> Task brief:
Whenever "snow" appears in a line, please copy that line from the data.

Stored records
----
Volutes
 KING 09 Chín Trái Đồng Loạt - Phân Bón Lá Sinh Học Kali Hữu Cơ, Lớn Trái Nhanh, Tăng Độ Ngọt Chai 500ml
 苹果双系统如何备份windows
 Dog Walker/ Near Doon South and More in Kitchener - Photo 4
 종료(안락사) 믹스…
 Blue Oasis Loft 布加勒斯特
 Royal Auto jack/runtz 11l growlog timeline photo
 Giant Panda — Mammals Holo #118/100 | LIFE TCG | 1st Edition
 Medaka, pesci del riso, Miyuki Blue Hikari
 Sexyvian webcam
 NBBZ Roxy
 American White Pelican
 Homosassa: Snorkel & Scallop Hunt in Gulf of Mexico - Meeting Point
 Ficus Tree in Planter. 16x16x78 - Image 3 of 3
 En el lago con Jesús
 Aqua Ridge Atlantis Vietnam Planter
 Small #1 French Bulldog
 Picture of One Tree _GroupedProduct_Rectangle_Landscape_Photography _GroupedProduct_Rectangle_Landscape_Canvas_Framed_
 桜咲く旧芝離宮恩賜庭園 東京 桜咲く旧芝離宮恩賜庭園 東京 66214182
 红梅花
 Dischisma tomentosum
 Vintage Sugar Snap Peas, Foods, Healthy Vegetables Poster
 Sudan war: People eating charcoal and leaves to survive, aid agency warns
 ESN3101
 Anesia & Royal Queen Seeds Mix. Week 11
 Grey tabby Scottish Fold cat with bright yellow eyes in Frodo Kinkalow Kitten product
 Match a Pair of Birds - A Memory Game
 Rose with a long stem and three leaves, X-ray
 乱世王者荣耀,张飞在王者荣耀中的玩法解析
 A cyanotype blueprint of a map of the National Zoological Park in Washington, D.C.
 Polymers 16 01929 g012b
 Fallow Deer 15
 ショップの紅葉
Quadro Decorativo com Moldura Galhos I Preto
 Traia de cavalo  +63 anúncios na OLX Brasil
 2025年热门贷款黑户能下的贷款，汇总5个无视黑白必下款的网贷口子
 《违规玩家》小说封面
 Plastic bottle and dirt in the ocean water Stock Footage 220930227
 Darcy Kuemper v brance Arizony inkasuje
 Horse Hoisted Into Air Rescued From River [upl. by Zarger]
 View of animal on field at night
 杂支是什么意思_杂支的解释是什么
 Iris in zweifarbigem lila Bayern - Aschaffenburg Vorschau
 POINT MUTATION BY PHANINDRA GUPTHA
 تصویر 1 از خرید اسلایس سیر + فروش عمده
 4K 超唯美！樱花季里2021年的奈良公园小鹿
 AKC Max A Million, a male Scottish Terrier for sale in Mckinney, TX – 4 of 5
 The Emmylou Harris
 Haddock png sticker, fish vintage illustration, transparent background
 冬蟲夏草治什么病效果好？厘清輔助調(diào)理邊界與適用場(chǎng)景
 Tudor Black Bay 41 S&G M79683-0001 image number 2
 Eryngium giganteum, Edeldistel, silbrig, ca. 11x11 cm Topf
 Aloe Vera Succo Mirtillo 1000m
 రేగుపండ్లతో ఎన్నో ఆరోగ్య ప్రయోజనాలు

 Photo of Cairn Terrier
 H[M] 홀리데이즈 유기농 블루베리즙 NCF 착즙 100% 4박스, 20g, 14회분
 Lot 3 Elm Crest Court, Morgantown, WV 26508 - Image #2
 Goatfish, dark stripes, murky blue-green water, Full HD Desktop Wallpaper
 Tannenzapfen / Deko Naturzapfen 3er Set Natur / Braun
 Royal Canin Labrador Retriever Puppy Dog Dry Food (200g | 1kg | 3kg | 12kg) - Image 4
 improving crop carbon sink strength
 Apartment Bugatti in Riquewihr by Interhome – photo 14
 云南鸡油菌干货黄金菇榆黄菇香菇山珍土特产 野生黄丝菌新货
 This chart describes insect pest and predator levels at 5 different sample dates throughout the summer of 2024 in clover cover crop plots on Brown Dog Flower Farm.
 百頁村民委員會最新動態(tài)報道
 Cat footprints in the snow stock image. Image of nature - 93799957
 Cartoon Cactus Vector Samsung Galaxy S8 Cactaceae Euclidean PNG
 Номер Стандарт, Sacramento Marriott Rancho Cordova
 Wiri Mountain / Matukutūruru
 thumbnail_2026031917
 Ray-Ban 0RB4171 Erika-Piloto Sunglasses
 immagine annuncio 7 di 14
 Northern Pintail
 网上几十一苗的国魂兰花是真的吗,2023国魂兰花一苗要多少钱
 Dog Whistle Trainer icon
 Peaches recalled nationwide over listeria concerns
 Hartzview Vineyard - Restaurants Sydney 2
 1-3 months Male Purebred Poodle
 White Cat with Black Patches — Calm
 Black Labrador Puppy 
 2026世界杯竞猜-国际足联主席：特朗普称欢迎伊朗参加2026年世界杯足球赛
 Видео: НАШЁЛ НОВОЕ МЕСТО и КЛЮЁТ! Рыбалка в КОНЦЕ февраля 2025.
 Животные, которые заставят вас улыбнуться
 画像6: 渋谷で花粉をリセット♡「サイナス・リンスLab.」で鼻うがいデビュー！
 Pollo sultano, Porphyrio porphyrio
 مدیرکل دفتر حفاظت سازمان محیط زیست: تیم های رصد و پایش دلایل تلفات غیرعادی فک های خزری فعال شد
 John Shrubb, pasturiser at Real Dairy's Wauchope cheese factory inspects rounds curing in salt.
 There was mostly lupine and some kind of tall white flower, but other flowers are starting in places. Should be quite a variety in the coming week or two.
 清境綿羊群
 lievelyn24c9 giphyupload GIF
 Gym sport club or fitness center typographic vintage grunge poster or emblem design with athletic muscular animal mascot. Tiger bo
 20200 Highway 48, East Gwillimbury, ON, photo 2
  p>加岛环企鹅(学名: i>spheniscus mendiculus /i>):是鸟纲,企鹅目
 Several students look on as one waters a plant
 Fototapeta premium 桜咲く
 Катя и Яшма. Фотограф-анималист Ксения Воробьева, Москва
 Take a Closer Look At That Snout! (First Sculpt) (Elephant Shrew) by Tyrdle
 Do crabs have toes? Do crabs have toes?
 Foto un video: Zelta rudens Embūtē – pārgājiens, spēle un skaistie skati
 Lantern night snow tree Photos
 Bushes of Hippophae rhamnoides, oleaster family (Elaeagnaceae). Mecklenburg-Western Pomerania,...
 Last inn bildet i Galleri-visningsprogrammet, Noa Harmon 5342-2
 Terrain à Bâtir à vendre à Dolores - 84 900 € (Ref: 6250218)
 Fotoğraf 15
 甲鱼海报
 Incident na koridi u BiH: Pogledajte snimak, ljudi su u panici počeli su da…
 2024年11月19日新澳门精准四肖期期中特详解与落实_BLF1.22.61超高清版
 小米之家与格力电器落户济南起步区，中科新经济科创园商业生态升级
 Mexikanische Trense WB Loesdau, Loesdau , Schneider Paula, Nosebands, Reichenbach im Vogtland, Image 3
----
> Task output:
 Cat footprints in the snow stock image. Image of nature - 93799957
 Lantern night snow tree Photos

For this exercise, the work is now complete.